Fleuriane voulut pousser l’accusatrice dans ses derniers retranchements. Aussi y eut-il une nuance d’ironie dans son accent, lorsqu’elle prononça :

— Et vous savez sans doute quand ce pauvre diable vous administra le poison, puisque vous tenez pour le poison ?

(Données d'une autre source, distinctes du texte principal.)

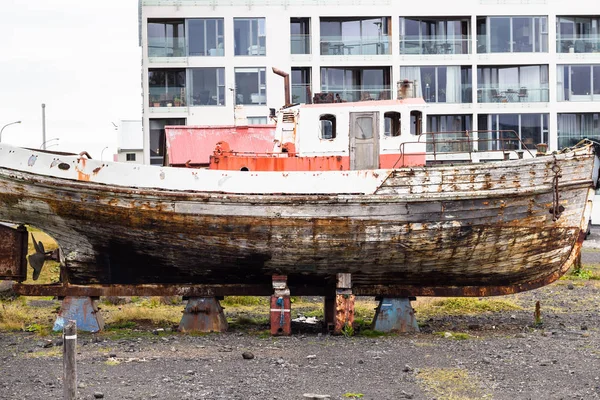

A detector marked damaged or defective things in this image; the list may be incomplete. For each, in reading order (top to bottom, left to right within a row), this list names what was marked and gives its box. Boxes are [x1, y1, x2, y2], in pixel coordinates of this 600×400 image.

rusty hull [1, 145, 596, 296]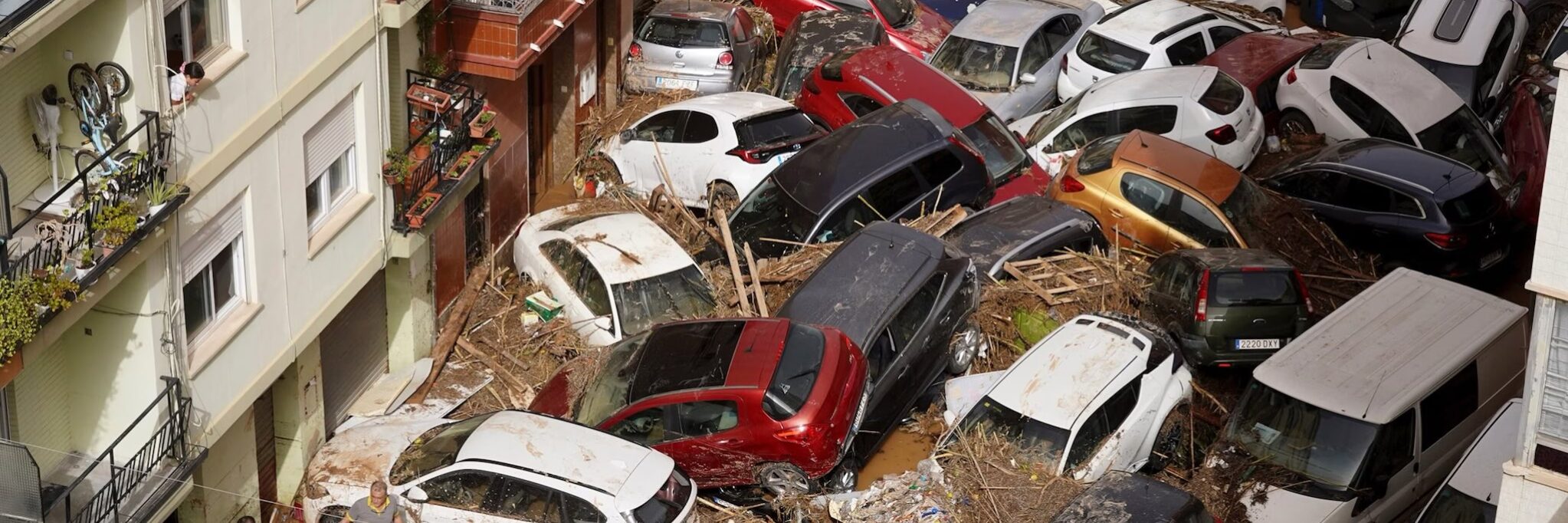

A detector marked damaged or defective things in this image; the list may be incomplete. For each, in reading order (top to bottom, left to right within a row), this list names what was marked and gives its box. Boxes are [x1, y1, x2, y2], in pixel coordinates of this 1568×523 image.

À sa profonde surprise, l’interpellée lança nettement cette double affirmation :

— Hier soir… La limonade de lichen.

Et comme la jeune fille sursautait, brusquement étreinte au cœur par un pressentiment sinistre :

— Je vous ai signalé son goût désagréable… j’en ai bu toute seule… Et voyez, vous ne ressentez aucun malaise, ni les uns ni les autres ; moi, je vais mourir.

Elle agita désespérément les bras, poussa un cri déchirant et se renversa en arrière.

Épouvantée par ce brusque dénouement, Fleuriane bondit vers la porte pour appeler au secours. Elle ouvrit et s’arrêta surprise ; l’aubergiste se tenait en face d’elle, tout décontenancé. L’homme écoutait certainement à la porte un instant plus tôt.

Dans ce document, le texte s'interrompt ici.